"""

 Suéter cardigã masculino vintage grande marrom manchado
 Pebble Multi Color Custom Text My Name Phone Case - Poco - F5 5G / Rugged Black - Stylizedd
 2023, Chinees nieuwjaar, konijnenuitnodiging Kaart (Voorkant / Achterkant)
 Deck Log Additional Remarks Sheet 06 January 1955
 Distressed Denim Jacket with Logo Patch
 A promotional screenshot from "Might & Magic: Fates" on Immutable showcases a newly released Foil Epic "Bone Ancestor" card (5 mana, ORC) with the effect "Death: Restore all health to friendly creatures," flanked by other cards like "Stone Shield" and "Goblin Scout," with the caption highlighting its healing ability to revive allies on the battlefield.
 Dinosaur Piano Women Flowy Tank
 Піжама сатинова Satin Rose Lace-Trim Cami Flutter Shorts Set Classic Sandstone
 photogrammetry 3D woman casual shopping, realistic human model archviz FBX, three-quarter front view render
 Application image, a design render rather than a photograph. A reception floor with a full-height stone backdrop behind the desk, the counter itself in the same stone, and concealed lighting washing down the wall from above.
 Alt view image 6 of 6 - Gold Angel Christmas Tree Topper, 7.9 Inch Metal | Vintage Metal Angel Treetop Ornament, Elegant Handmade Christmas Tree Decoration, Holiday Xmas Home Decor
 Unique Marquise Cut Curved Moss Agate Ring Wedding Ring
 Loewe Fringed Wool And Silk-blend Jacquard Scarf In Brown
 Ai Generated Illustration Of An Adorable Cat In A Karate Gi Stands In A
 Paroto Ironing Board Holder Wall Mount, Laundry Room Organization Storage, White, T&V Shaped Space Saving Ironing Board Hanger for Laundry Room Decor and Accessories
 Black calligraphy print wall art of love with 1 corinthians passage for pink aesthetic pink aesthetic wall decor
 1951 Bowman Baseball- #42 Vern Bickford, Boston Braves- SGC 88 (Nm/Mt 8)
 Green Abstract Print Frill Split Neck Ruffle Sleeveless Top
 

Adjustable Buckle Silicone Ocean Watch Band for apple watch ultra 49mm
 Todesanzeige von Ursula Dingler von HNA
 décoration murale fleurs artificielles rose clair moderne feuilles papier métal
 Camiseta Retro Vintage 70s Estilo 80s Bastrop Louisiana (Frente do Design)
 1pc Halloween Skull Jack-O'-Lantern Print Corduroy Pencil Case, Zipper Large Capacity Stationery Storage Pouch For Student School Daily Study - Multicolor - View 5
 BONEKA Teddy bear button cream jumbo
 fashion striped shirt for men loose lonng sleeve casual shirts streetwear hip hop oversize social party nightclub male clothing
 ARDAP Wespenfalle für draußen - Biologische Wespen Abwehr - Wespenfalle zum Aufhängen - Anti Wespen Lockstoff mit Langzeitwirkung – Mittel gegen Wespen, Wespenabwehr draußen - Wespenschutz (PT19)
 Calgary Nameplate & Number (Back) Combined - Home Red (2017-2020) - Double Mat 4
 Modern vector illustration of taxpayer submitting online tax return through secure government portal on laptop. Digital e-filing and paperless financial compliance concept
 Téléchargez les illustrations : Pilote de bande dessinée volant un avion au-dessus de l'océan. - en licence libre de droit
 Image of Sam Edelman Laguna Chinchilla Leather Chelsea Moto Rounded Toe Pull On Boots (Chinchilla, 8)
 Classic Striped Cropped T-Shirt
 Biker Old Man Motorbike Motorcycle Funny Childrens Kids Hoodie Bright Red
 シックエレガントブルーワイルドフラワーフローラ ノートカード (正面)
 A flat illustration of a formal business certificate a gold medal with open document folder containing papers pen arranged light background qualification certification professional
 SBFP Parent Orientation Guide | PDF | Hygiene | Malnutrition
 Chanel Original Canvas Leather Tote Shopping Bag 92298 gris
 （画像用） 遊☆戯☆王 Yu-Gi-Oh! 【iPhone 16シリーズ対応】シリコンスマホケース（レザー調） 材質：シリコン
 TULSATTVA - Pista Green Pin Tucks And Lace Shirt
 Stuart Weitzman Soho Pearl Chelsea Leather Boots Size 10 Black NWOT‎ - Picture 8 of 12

"""

Task instructions =>
The answer is each line from the entries above in which the word "with" occurs.

Result for this exercise =>
 Distressed Denim Jacket with Logo Patch
 A promotional screenshot from "Might & Magic: Fates" on Immutable showcases a newly released Foil Epic "Bone Ancestor" card (5 mana, ORC) with the effect "Death: Restore all health to friendly creatures," flanked by other cards like "Stone Shield" and "Goblin Scout," with the caption highlighting its healing ability to revive allies on the battlefield.
 Application image, a design render rather than a photograph. A reception floor with a full-height stone backdrop behind the desk, the counter itself in the same stone, and concealed lighting washing down the wall from above.
 Black calligraphy print wall art of love with 1 corinthians passage for pink aesthetic pink aesthetic wall decor
 A flat illustration of a formal business certificate a gold medal with open document folder containing papers pen arranged light background qualification certification professional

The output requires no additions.